If people cannot read because the book is in French and they read English, then by all means, reprint the book in English. If the people cannot read because they are illiterate, then it will not matter what language you print the book in, they will not read it. Teach the people to read.

If evangelism is failing because the method is ineffective in today's society, then yes, we need to re-evaluate the method and update. BUT, if it failing because people are not doing it, then the problem does not lie with the method, but with disobedient people. If that is the case, no method will be very effective.

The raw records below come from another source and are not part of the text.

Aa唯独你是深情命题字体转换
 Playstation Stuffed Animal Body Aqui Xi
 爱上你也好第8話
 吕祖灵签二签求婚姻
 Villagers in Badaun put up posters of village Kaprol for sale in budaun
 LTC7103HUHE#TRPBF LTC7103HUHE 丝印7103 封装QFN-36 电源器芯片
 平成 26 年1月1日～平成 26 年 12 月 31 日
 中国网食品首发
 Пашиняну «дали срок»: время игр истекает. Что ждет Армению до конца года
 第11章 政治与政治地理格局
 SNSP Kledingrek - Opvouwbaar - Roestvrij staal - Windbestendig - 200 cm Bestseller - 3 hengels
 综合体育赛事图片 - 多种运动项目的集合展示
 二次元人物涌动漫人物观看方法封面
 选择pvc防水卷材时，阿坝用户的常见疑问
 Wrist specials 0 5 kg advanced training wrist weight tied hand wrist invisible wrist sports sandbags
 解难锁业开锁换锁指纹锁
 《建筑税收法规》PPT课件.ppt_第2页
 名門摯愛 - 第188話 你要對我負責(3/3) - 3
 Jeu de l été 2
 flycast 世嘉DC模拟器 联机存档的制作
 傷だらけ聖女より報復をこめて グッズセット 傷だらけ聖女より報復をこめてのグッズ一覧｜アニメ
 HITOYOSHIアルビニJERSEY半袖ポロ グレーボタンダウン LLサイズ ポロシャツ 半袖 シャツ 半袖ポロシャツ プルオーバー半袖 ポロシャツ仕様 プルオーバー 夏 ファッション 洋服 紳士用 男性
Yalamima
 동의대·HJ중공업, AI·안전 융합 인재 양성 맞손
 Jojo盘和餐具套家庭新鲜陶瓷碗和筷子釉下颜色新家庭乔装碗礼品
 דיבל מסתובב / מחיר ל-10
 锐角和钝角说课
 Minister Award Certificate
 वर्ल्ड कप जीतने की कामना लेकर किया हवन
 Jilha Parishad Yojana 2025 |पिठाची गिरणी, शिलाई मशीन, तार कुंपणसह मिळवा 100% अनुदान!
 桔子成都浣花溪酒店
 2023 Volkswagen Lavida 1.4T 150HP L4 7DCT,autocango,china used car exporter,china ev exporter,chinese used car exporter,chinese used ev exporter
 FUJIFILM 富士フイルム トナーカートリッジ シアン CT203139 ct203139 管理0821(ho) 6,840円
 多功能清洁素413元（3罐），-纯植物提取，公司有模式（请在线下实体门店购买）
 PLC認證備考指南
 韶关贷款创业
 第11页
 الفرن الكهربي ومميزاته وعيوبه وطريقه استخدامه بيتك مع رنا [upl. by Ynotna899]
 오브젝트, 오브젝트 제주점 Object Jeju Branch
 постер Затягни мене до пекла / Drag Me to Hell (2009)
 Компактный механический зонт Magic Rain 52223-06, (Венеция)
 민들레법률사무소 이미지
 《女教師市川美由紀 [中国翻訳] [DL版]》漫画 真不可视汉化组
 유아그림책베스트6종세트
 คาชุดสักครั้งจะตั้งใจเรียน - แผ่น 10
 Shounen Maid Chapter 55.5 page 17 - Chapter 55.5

My personal experience has been that Christians do not tell others about the Gospel because:

(1) God is not that important to them personally
(2) They don't think it is that important
(3) They are afraid of peer pressure
(4) They are afraid of losing friends

We have become too comfortable in the world. I have heard alot of teens who do not want to tell their friends about God because they don't want to be ostricized from the "in" crowd. I have heard alot of adults who don't want to tell their friends about God for essentially the same reason.

There is a line from an old song "freedom is just another word for nothing left to lose". While I think that is a sad philosophy, in some ways, as it regards Christians, the opposite is all too true. Have "alot to lose" takes away our freedom. There is a reason that Christianity flourishes under persecution ... the Christians no longer have to fear losing their prestiege or their possessions ... they have already lost them. When saying "I follow Jesus" might get you shot, it is not something which will get you laughed at.

In the parable of the sower, there were four types of soils. While three of the four had plants growing in them, only one of the four produced a crop. If 80% of the church crowds are of the two unproductive soils, then it will at least look like evangelism is an unfruitful endevor.

Having said all that ... I am still interested in hearing what we can do better ...

Buz

Hammertime said...

David,
Great blog. I have to agree with Buz. I am not altogether certain that you can correlate societal changes with necessary changes in the Church - at least not in this regard.

Person-to-person evangelism is not as effective as we may want because people aren't doing it, or aren't doing it right. I don't discourage bringing others to church, but the Bible never has a case where someone comes to church and gets saved. What it has are instances of public preaching and private evangelism.

Now, as the Bible also doesn't condmen bringing unbelievers to church (in fact, it recognizes that they will be there when discussing the gift of tongues in 1 Cor 14), it isn't at all improper. I just have difficulty believing that we wouldn't have been presented with the proper example in the Word.

Finally, all that said, I, like Buz, am looking forward to your proposal.